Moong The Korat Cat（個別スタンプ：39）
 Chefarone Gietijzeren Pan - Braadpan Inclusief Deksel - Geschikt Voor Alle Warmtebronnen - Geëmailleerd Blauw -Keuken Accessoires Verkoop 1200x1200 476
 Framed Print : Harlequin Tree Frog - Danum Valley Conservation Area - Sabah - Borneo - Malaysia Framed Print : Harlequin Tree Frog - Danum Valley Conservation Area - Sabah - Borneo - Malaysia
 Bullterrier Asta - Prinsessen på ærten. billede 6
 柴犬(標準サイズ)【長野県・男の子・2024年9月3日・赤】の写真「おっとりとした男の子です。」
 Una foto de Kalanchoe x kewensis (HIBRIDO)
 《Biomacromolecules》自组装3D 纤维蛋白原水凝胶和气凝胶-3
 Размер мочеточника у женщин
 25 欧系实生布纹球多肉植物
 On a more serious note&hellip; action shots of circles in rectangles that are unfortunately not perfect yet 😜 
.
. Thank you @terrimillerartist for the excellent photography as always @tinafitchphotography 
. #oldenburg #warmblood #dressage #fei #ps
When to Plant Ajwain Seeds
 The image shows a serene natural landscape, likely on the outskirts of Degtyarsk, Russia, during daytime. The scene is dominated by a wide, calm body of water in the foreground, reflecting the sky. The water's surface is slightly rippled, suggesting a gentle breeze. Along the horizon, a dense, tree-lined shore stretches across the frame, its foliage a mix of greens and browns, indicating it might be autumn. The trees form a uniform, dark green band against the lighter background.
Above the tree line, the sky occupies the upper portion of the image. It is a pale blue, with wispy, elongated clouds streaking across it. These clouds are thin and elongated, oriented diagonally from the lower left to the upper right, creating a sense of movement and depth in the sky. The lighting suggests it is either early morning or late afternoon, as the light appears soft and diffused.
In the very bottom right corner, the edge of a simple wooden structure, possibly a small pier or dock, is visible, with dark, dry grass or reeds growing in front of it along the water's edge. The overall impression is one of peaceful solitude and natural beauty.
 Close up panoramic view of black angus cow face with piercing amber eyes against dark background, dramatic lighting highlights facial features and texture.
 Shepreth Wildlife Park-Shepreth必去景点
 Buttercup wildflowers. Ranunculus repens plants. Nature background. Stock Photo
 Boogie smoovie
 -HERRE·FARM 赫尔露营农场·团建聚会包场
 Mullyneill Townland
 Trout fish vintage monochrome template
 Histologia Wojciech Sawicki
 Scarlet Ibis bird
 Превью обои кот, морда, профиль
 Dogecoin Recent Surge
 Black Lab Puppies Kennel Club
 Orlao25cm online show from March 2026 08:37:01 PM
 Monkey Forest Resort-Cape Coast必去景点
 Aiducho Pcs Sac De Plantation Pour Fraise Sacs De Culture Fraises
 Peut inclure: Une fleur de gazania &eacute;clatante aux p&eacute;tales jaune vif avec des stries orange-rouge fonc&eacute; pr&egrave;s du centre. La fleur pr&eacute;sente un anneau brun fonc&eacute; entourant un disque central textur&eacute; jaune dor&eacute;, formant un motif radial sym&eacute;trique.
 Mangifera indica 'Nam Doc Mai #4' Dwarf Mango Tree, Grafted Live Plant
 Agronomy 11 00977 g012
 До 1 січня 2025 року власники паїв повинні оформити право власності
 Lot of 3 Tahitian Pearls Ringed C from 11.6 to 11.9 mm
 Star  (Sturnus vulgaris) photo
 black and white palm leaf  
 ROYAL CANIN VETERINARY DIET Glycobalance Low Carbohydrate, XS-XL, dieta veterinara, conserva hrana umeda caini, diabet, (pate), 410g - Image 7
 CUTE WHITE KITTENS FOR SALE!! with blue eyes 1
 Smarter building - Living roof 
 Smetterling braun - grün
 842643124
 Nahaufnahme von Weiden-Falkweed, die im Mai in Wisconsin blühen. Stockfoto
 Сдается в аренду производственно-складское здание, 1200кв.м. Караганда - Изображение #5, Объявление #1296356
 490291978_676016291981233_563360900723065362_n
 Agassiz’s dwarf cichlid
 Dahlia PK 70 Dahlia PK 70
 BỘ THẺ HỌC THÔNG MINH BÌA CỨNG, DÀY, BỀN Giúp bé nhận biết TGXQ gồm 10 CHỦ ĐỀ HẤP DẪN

▶ [THE PROBLEM] Find "Orlao25cm online show" in the material above; set down exactly the line holding it and every line after it, through the last, and no others.

▶ [RESPONSE AREA]
 Orlao25cm online show from March 2026 08:37:01 PM
 Monkey Forest Resort-Cape Coast必去景点
 Aiducho Pcs Sac De Plantation Pour Fraise Sacs De Culture Fraises
 Peut inclure: Une fleur de gazania &eacute;clatante aux p&eacute;tales jaune vif avec des stries orange-rouge fonc&eacute; pr&egrave;s du centre. La fleur pr&eacute;sente un anneau brun fonc&eacute; entourant un disque central textur&eacute; jaune dor&eacute;, formant un motif radial sym&eacute;trique.
 Mangifera indica 'Nam Doc Mai #4' Dwarf Mango Tree, Grafted Live Plant
 Agronomy 11 00977 g012
 До 1 січня 2025 року власники паїв повинні оформити право власності
 Lot of 3 Tahitian Pearls Ringed C from 11.6 to 11.9 mm
 Star  (Sturnus vulgaris) photo
 black and white palm leaf  
 ROYAL CANIN VETERINARY DIET Glycobalance Low Carbohydrate, XS-XL, dieta veterinara, conserva hrana umeda caini, diabet, (pate), 410g - Image 7
 CUTE WHITE KITTENS FOR SALE!! with blue eyes 1
 Smarter building - Living roof 
 Smetterling braun - grün
 842643124
 Nahaufnahme von Weiden-Falkweed, die im Mai in Wisconsin blühen. Stockfoto
 Сдается в аренду производственно-складское здание, 1200кв.м. Караганда - Изображение #5, Объявление #1296356
 490291978_676016291981233_563360900723065362_n
 Agassiz’s dwarf cichlid
 Dahlia PK 70 Dahlia PK 70
 BỘ THẺ HỌC THÔNG MINH BÌA CỨNG, DÀY, BỀN Giúp bé nhận biết TGXQ gồm 10 CHỦ ĐỀ HẤP DẪN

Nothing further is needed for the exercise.